▶ **WORK ITEM**
Should a line in the entries below contain "Book", return that line.

▶ **RECORDS SHOWN**

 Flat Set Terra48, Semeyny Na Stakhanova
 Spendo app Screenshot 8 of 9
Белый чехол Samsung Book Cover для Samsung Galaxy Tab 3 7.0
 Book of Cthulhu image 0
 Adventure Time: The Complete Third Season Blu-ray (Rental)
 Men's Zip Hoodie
---
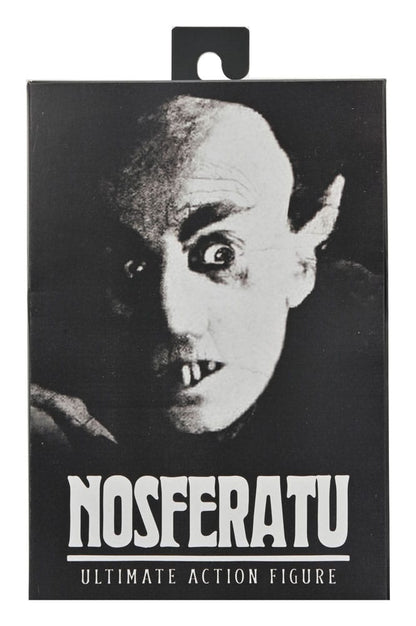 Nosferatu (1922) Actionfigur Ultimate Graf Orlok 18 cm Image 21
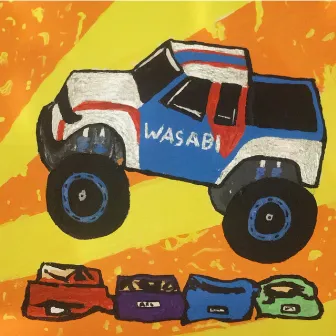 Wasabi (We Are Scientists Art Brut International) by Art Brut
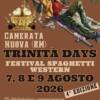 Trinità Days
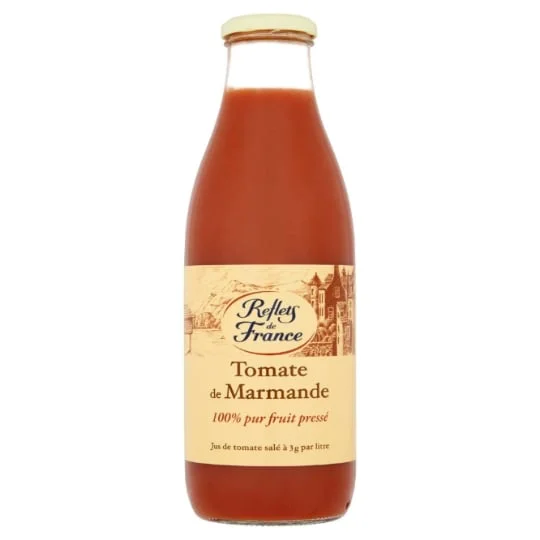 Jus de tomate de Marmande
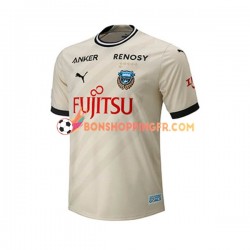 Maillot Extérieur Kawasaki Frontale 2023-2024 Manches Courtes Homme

▶ **SOLUTION FOR THIS TASK**
Белый чехол Samsung Book Cover для Samsung Galaxy Tab 3 7.0
 Book of Cthulhu image 0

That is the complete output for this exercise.